The sudden load disturbance is created in area 3, i.e., the load change in area 1 is from 0.5 p.u to 0.9 pu at 30 seconds, and the load profiles in area 1 and area 2 are maintained at 0.2 pu. The corresponding response to such a tie line power deviation and frequency deviation of the three areas is shown in Figure 13. The overshoot of the tie line power deviation and frequency deviation in all areas is equal for GA, PSO, and WOA fuzzy PID. The recovery time of WOA fuzzy PID is 33 seconds, 42 seconds for PSO, and 72 seconds for GA.

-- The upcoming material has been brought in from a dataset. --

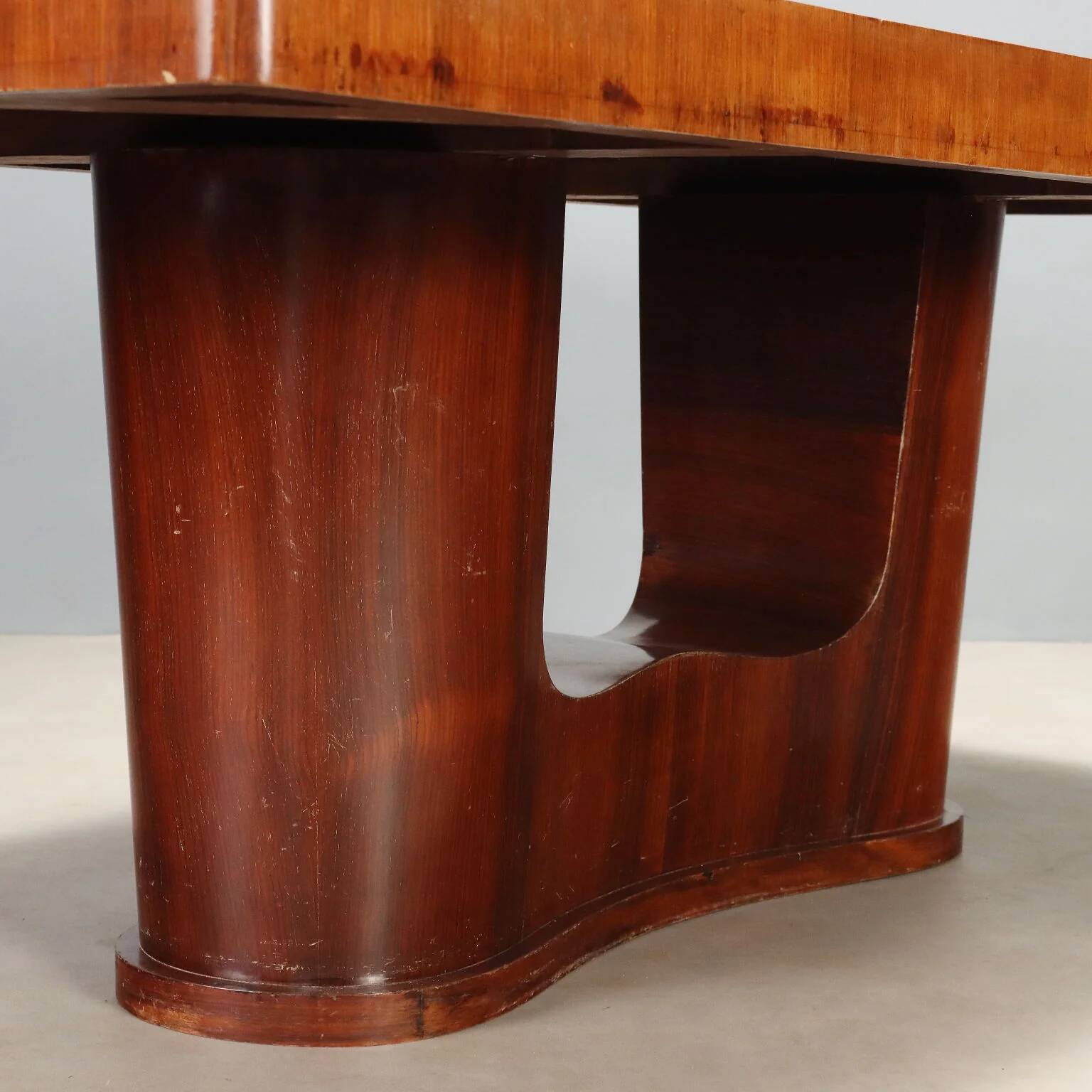 Table en bois plaqué des années 1950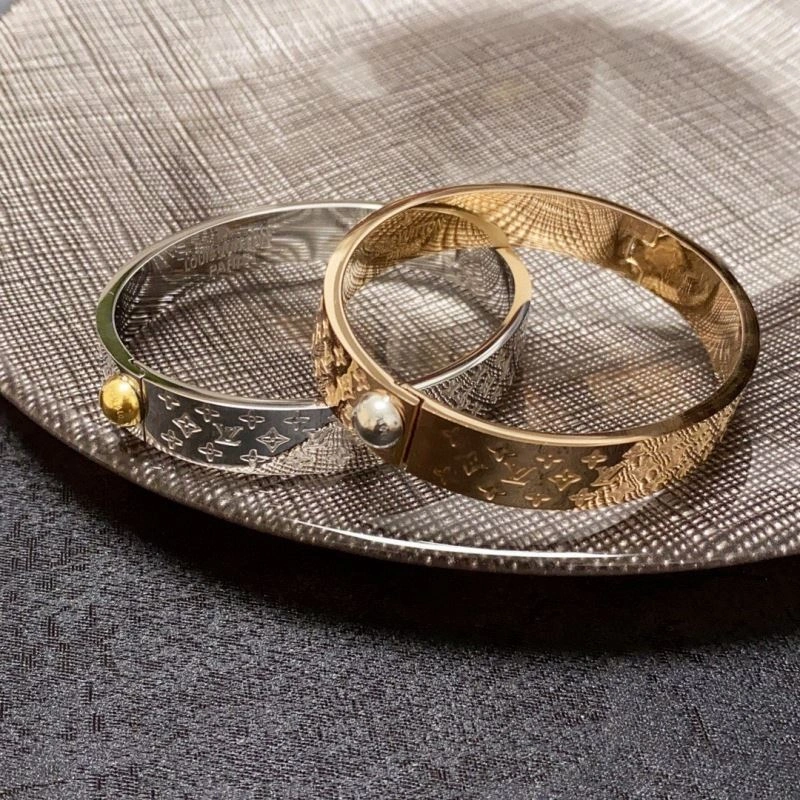 Comfortable Louis Vuitton Bracelets 251579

The sudden load disturbance is created in all the areas, i.e., the load change is from 0.2 p.u to 0.4 p.u in area 1 at 30 seconds, the load change is from 0.4 p.u to 0.2 p.u in area 2 at 60 seconds, and the load change is from 0.5 p.u to 0.9 p.u in area 3 at 90 seconds. The corresponding response to such a tie line power deviation and frequency deviation of the three areas is shown in Figure 14. The overshoot of the tie line power deviation and frequency deviation in all areas is equal for GA, PSO, and WOA fuzzy PID. The recovery time of WOA fuzzy PID is small when compared with GA fuzzy PID and PSO fuzzy PID.

5. Conclusions

In this paper, a whale optimization algorithm was utilized to tune the parameter of a fuzzy PID controller to minimize the marginal cost, unscheduled interchange cost, and ACE while maximizing the profit of a three-area electrical system. The overall system model was designed and developed using the MATLAB Simulink software. The whale optimization algorithm was compared with GA and PSO to test the suitability of the whale optimization algorithm. The three-area power system with ABT was tested with WOA fuzzy PID, PSO fuzzy PID, and GA fuzzy PID controllers in different operating conditions. Based on the test result of the simulation, the three-area electrical system controlled by the whale optimization algorithm-optimized fuzzy PID controller has less overshoot, less undershoot, a faster settling time, and a faster recovery time than the GA fuzzy PID and PSO fuzzy PID control.

Data Availability

All data are available for readers.

Conflicts of Interest

The authors declare that they have no conflicts of interest.